— WORK TASK —
Return each line of the data below exactly, omitting any pictures.

— COLLECTED MATERIAL —
Content starts

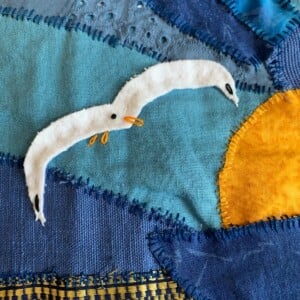 Patchwork wandkleed met meeuwen
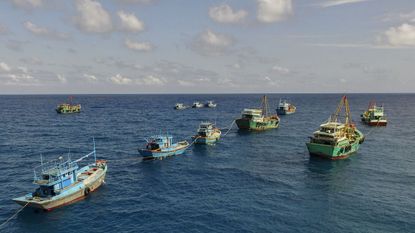 fishing boats joined up on the open ocean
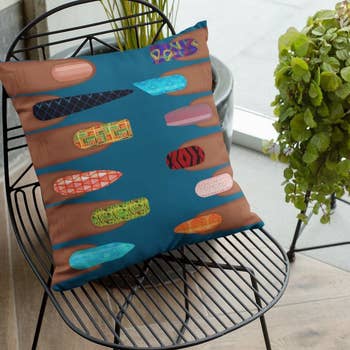Square throw pillow with fingers on each side – each with a different manicured fingernail 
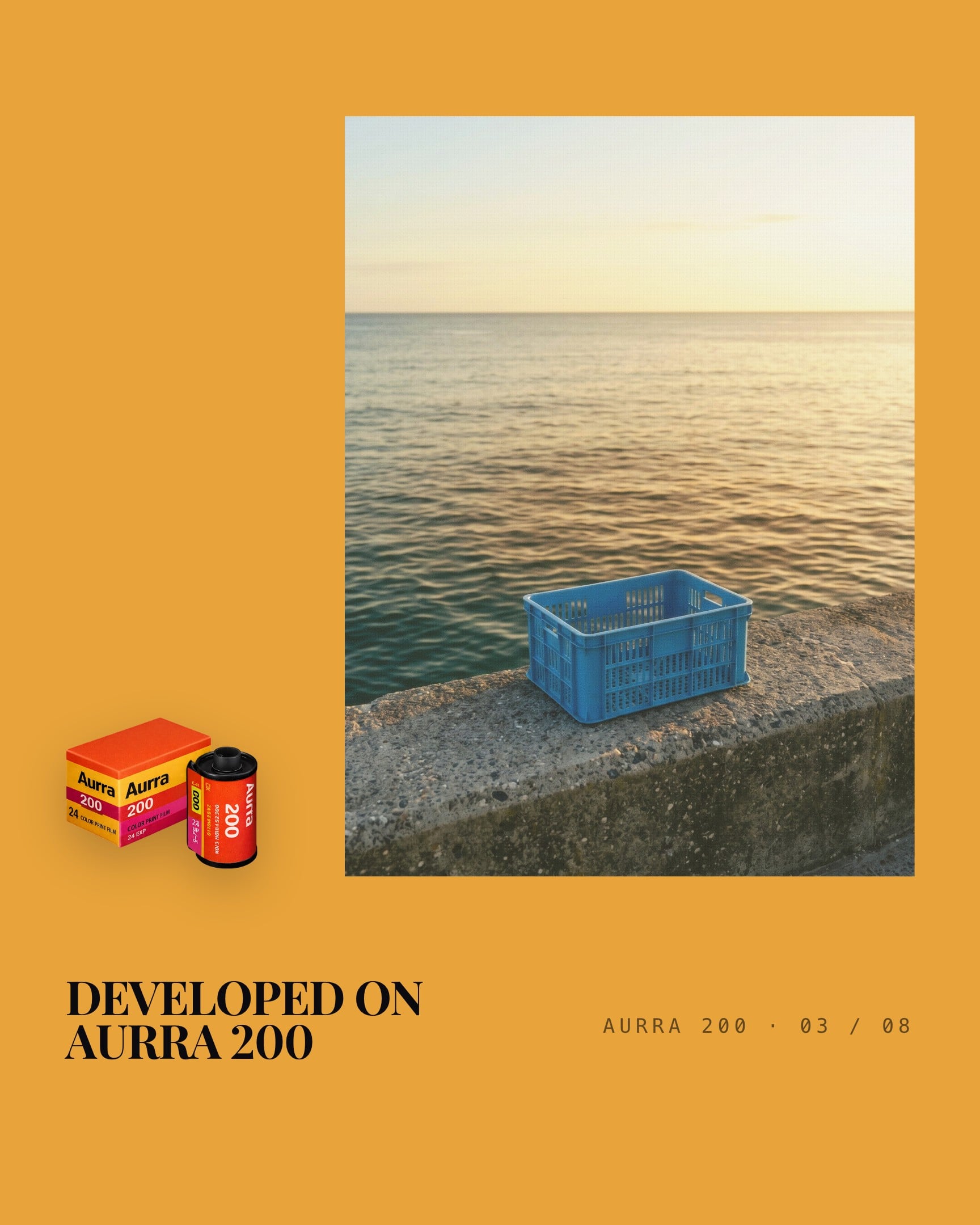 Aurra 200's colour room, an amber yellow, with the picture on the right this time. A blue plastic crate sits on a concrete sea wall, with calm water and a pale sky behind it. The Aurra 200 canister and the line DEVELOPED ON AURRA 200 are on the left.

Content ends

— RESPONSE BOX —
 Patchwork wandkleed met meeuwen
 fishing boats joined up on the open ocean
Square throw pillow with fingers on each side – each with a different manicured fingernail 
 Aurra 200's colour room, an amber yellow, with the picture on the right this time. A blue plastic crate sits on a concrete sea wall, with calm water and a pale sky behind it. The Aurra 200 canister and the line DEVELOPED ON AURRA 200 are on the left.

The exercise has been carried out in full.